### TASK PROMPT
Every line from the one with "Custom Male Military" to the one with "Kind Hearted Degenerate", including those two, is to be copied exactly; all other lines of the entries below are left out.

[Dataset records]
——

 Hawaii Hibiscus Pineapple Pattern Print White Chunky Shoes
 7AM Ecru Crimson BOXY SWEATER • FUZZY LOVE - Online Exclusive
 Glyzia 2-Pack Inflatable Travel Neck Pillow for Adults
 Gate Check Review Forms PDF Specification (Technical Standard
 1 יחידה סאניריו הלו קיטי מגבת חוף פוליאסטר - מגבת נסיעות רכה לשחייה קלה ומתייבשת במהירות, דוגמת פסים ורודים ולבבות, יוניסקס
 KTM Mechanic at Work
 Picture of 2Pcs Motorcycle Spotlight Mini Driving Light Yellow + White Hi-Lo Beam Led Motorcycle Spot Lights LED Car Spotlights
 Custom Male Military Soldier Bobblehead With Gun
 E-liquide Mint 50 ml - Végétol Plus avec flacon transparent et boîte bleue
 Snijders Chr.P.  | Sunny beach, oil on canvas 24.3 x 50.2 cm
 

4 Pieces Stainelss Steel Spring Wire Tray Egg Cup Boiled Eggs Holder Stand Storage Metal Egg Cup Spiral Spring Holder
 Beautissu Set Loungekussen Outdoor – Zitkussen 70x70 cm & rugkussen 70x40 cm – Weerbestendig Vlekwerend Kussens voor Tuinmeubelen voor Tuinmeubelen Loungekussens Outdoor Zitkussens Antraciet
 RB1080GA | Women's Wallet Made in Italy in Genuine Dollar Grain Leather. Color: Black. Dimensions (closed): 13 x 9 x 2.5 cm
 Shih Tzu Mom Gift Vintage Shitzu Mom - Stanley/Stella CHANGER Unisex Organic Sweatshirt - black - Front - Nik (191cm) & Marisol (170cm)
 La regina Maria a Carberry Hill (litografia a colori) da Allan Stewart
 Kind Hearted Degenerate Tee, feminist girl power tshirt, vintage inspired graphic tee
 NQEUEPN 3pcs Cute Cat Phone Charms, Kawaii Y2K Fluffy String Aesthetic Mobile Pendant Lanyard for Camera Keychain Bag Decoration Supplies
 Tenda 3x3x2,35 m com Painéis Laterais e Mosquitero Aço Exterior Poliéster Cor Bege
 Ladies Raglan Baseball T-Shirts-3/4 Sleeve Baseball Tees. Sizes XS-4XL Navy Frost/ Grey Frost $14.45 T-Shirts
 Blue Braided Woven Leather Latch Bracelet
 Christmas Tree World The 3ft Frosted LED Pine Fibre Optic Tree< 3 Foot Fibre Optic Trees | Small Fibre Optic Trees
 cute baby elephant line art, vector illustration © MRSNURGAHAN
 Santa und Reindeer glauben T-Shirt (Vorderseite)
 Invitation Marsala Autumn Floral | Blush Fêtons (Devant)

——

### RESULT OF THE TASK
 Custom Male Military Soldier Bobblehead With Gun
 E-liquide Mint 50 ml - Végétol Plus avec flacon transparent et boîte bleue
 Snijders Chr.P.  | Sunny beach, oil on canvas 24.3 x 50.2 cm
 

4 Pieces Stainelss Steel Spring Wire Tray Egg Cup Boiled Eggs Holder Stand Storage Metal Egg Cup Spiral Spring Holder
 Beautissu Set Loungekussen Outdoor – Zitkussen 70x70 cm & rugkussen 70x40 cm – Weerbestendig Vlekwerend Kussens voor Tuinmeubelen voor Tuinmeubelen Loungekussens Outdoor Zitkussens Antraciet
 RB1080GA | Women's Wallet Made in Italy in Genuine Dollar Grain Leather. Color: Black. Dimensions (closed): 13 x 9 x 2.5 cm
 Shih Tzu Mom Gift Vintage Shitzu Mom - Stanley/Stella CHANGER Unisex Organic Sweatshirt - black - Front - Nik (191cm) & Marisol (170cm)
 La regina Maria a Carberry Hill (litografia a colori) da Allan Stewart
 Kind Hearted Degenerate Tee, feminist girl power tshirt, vintage inspired graphic tee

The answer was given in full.